KPS Capital Partners, LP ("KPS") announced that, through an affiliate, it has entered into an asset purchase agreement with Furniture Brands International, Inc. and certain of its wholly-owned subsidiaries under which KPS will acquire substantially all of the assets of Furniture Brands, including the company's Lane business, for $280 million. The agreement was designated by the United States Bankruptcy Court for the District of Delaware as the lead bid in a Court-supervised sale process under Section 363 of the Bankruptcy Code and replaces a competing bid that did not include the Lane business. Furniture Brands filed voluntary petitions under Chapter 11 of the Bankruptcy Code on September 9, 2013.
KPS, through an affiliate, has also agreed to provide Furniture Brands with a $190 million Debtor-in-Possession financing facility (the "DIP facility") to support its operations. The DIP facility, which has received interim court approval, will ensure that Furniture Brands has sufficient liquidity to continue normal operations and continue to meet its financial obligations, including the timely payment of employee wages and benefits, continued servicing of customer orders and shipments, and other obligations. It is expected that the DIP facility will receive final court approval at a hearing scheduled for October 11, 2013.
Raquel Vargas Palmer, a Partner of KPS, said: "We are pleased to reach this agreement to acquire substantially all of the assets of Furniture Brands. We believe there is exceptional value in the Furniture Brands businesses that can be realized through considerable operational improvements and focused investments behind all of the company's brands. The KPS transaction is fundamentally and structurally different than the proposed transaction entered into by the debtor at the time of its Chapter 11 filing as it keeps all of Furniture Brands' businesses together and positions the Company for long-term success in its markets."
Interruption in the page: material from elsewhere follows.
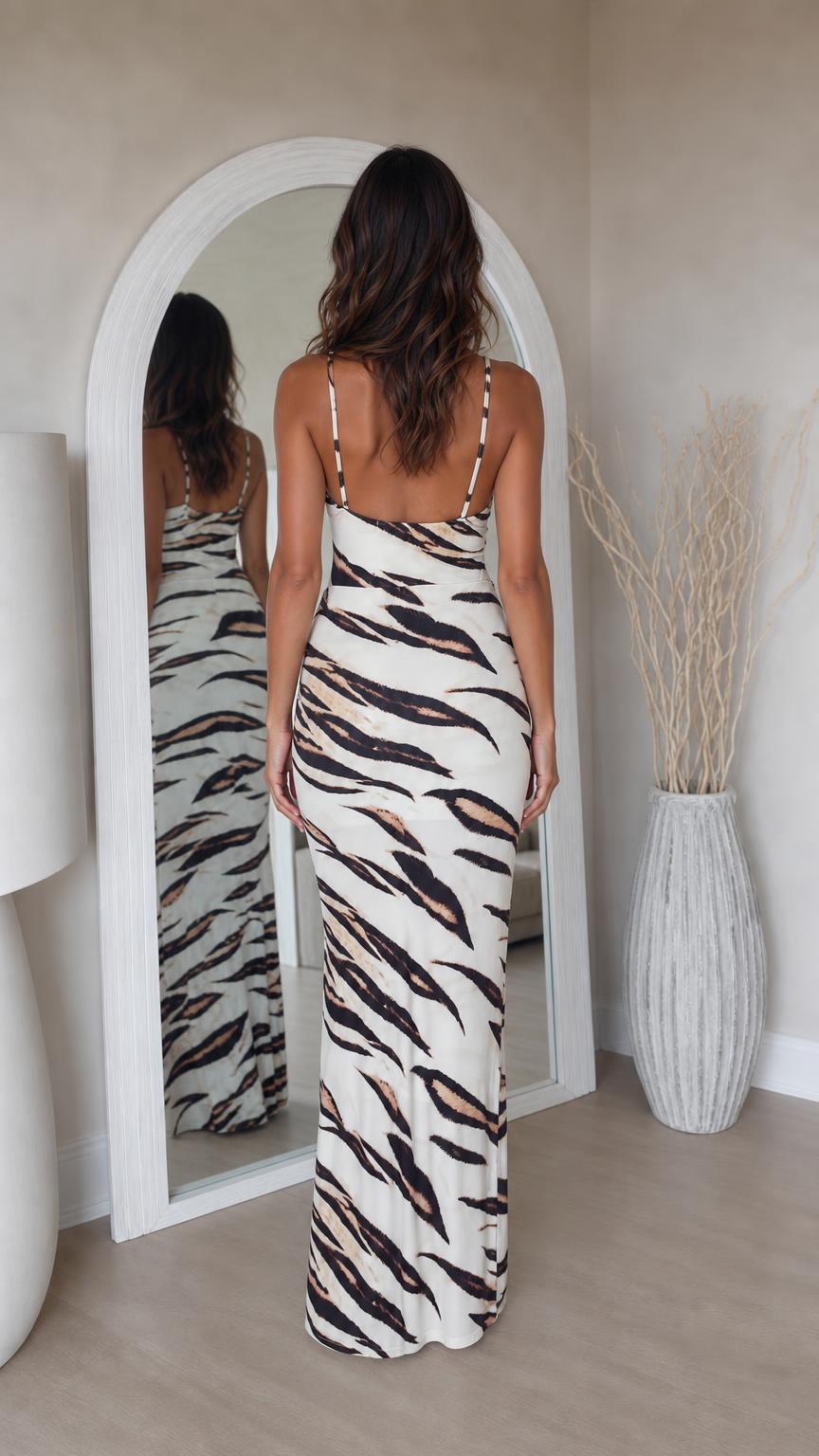 Woman wearing white tiger print maxi dress, back view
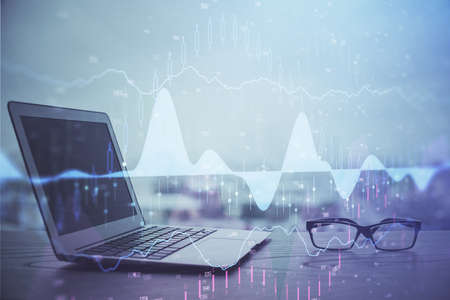 Forex Chart hologram on table with computer background. Double exposure. Concept of financial...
Ralph Scozzafava, Chairman of the Board and CEO of Furniture Brands, added: "KPS provides us the financial flexibility and operational expertise to emerge from this process a strong standalone business positioned for future growth. We look forward to working with the KPS team to return our business to leadership positions in our targeted markets for the benefit of our employees, customers, suppliers and business partners."
Proskauer Rose LLP is acting as legal counsel to KPS with respect to the transaction.
KPS is the manager of the KPS Special Situations Funds, a family of investment funds with over $6.0 billion of assets under management.